*What is expected*: Please give all of the data again, character for character, and drop the pictures.
╭─ Data provided
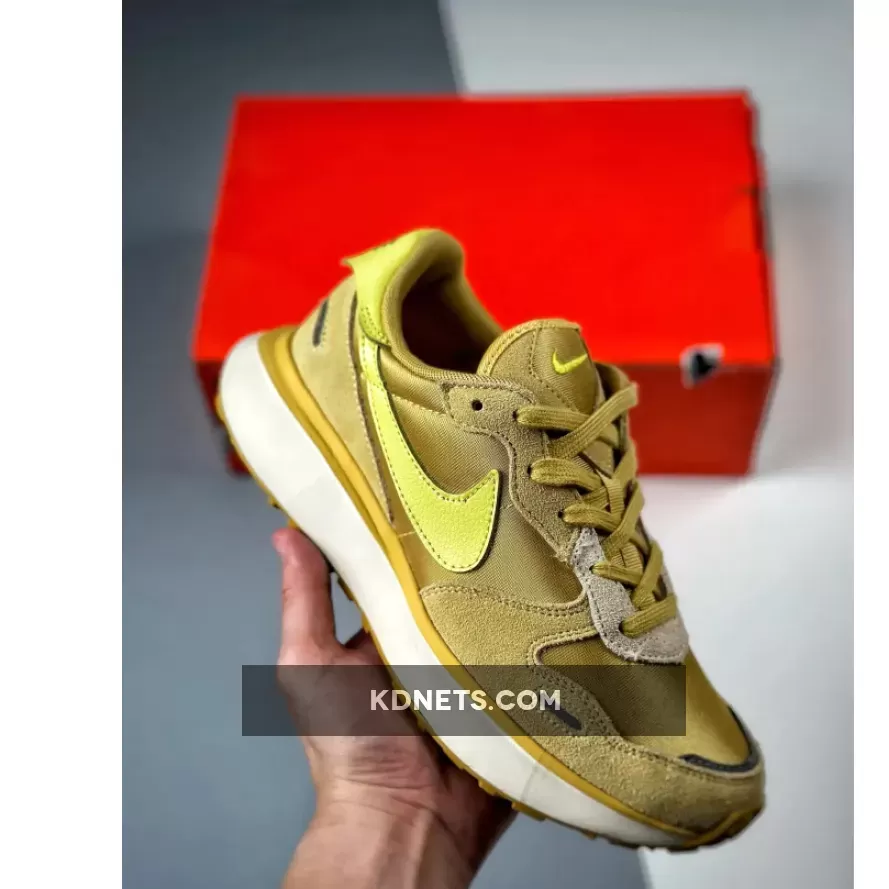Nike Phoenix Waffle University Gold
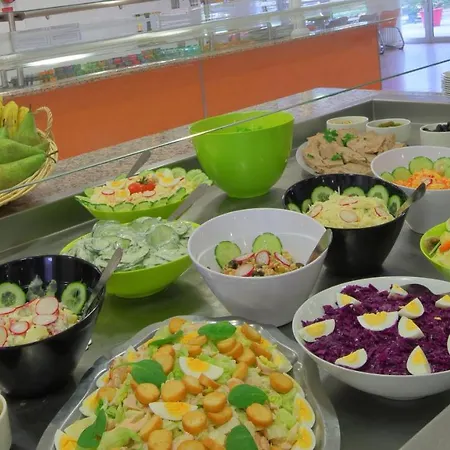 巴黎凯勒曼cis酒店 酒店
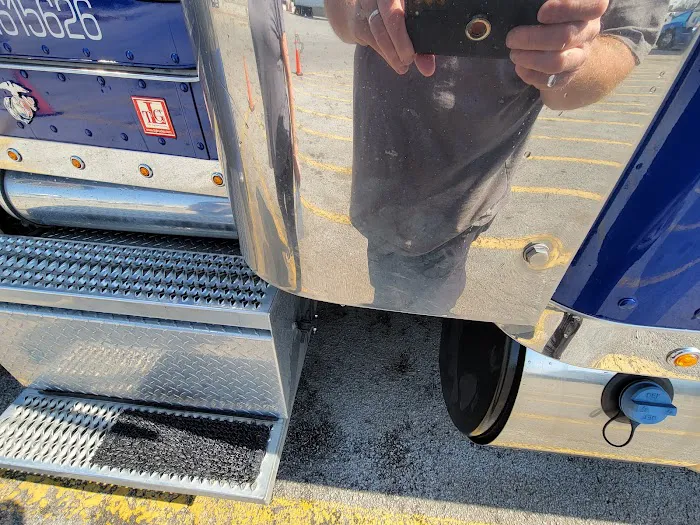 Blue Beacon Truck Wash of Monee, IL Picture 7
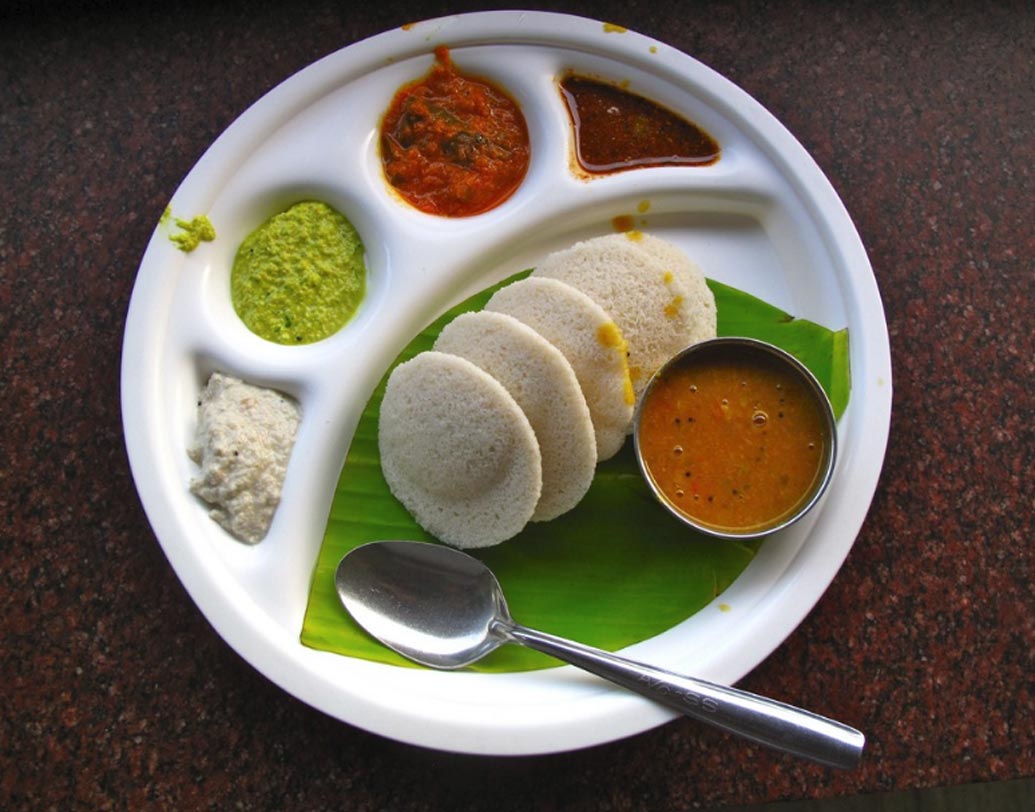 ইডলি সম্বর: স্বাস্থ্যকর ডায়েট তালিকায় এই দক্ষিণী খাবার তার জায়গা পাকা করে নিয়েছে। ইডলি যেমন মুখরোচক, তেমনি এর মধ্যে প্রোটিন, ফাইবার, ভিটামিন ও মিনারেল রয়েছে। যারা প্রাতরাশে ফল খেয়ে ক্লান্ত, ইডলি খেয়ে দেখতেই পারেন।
╰─
*Reply to the exercise*:
Nike Phoenix Waffle University Gold
 巴黎凯勒曼cis酒店 酒店
 Blue Beacon Truck Wash of Monee, IL Picture 7
 ইডলি সম্বর: স্বাস্থ্যকর ডায়েট তালিকায় এই দক্ষিণী খাবার তার জায়গা পাকা করে নিয়েছে। ইডলি যেমন মুখরোচক, তেমনি এর মধ্যে প্রোটিন, ফাইবার, ভিটামিন ও মিনারেল রয়েছে। যারা প্রাতরাশে ফল খেয়ে ক্লান্ত, ইডলি খেয়ে দেখতেই পারেন।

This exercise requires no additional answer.